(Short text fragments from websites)
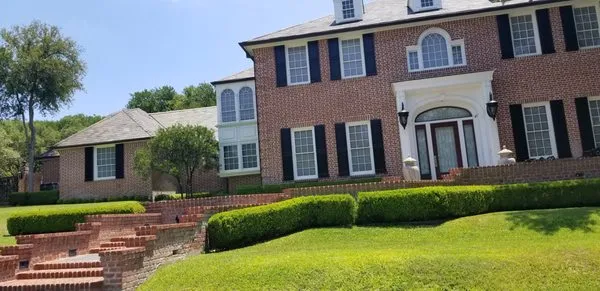 DRC-TX ROOFING & REPAIR COMPANY Logo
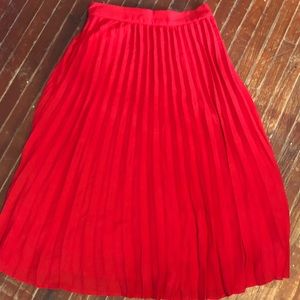 Small Red Pleated midi skirt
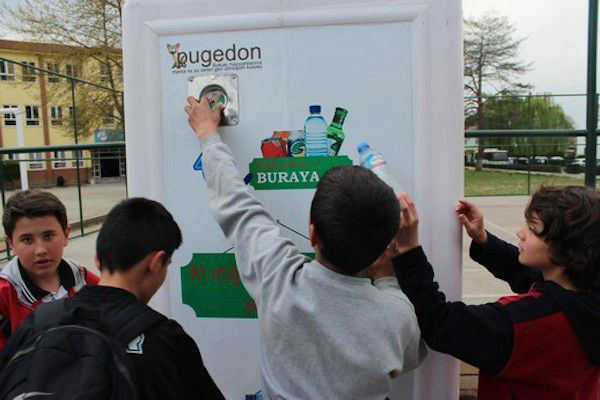 新型環保自動販賣機，可為流浪貓狗提供食物(圖1)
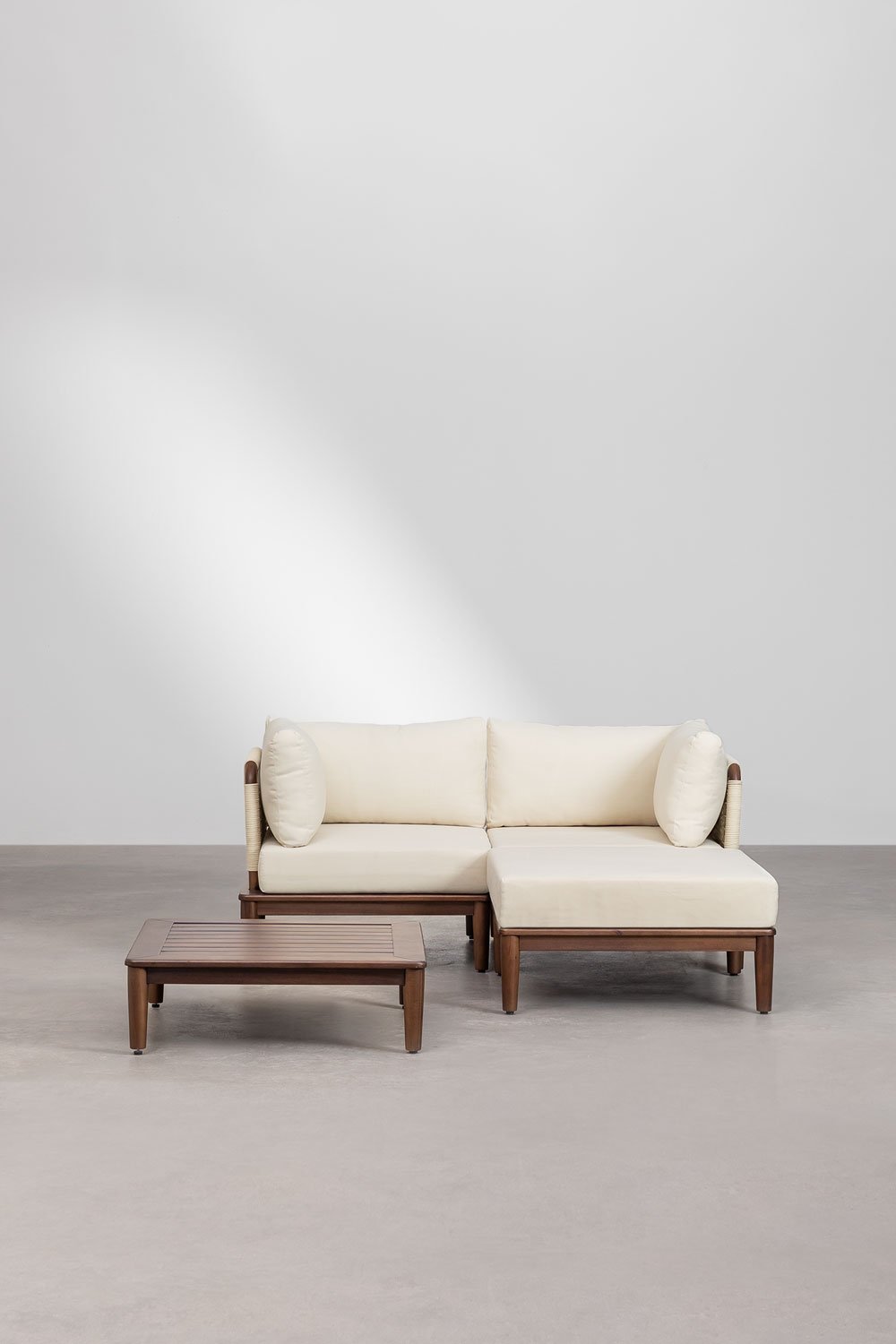 Set da salotto con divano modulare a 2 pezzi con 2 poltrone angolari, tavolino da caffè e pouf in acacia Giulia, immagine della galleria 2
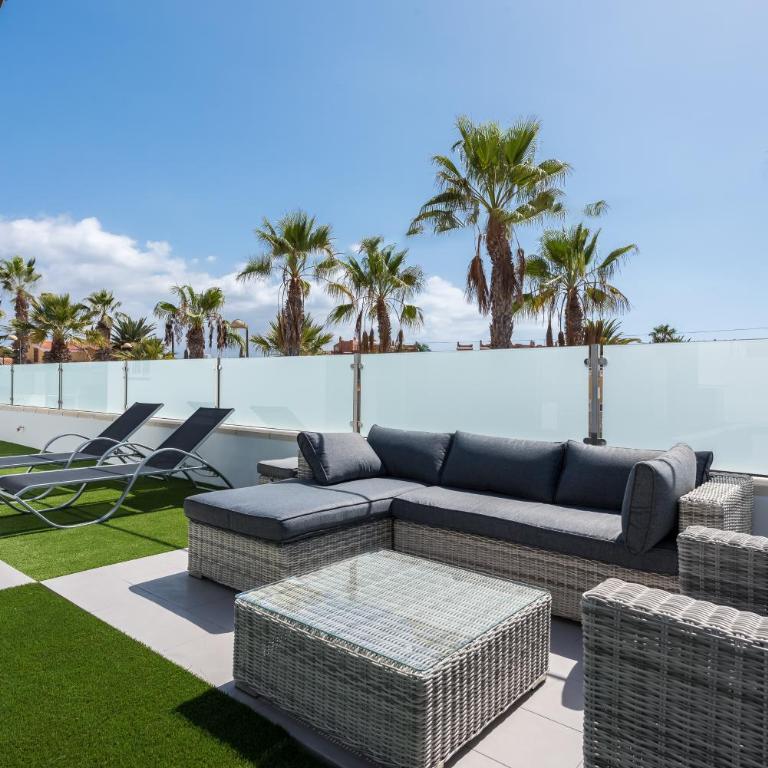 Luxurious 5* VILLA - 300M2 - private HEATED pool - garage - WiFi - Two-Bedroom Villa - 36
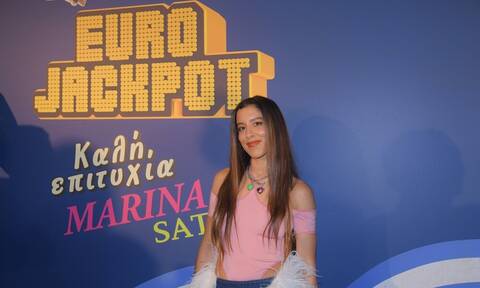 Η Μαρίνα Σάττι τραγουδά για πρώτη φορά live το «Ζάρι»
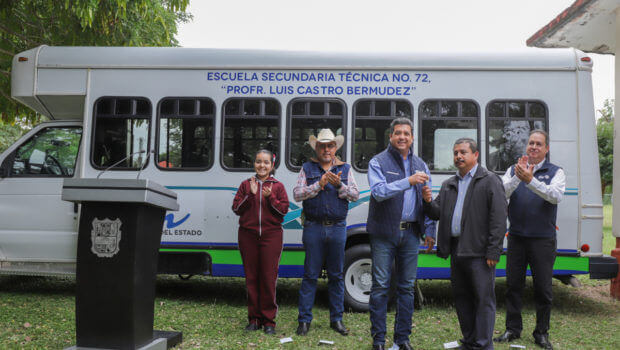 Entrega Gobernador Unidades de Transporte Escolar en Aldama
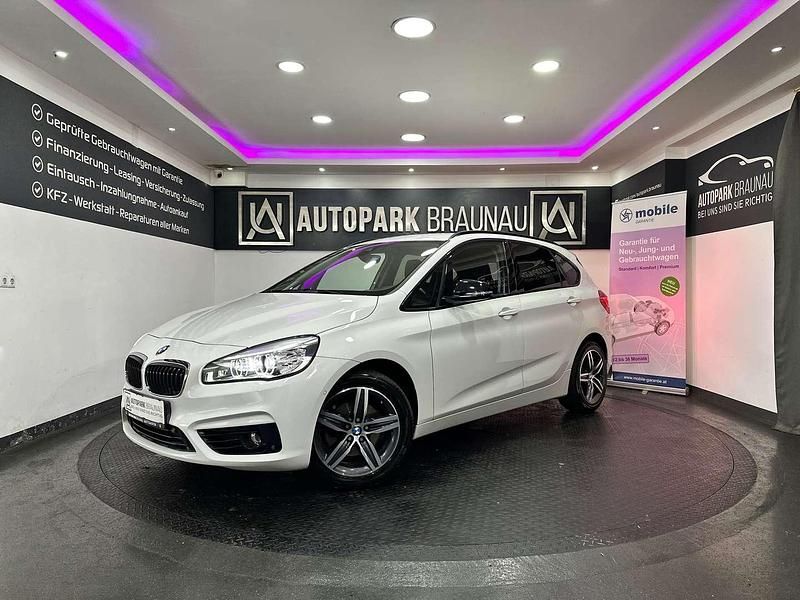 Weiß Gebraucht 2015 BMW 216 Sport Line Van / Kleinbus | € 13.999 - Bild 1/4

Your assignment: Skip every picture, and restate word for word only the lines above from the line containing "Set da salotto" to the line containing "Luxurious 5* VILLA", both of them included.

Problem solution:
 Set da salotto con divano modulare a 2 pezzi con 2 poltrone angolari, tavolino da caffè e pouf in acacia Giulia, immagine della galleria 2
 Luxurious 5* VILLA - 300M2 - private HEATED pool - garage - WiFi - Two-Bedroom Villa - 36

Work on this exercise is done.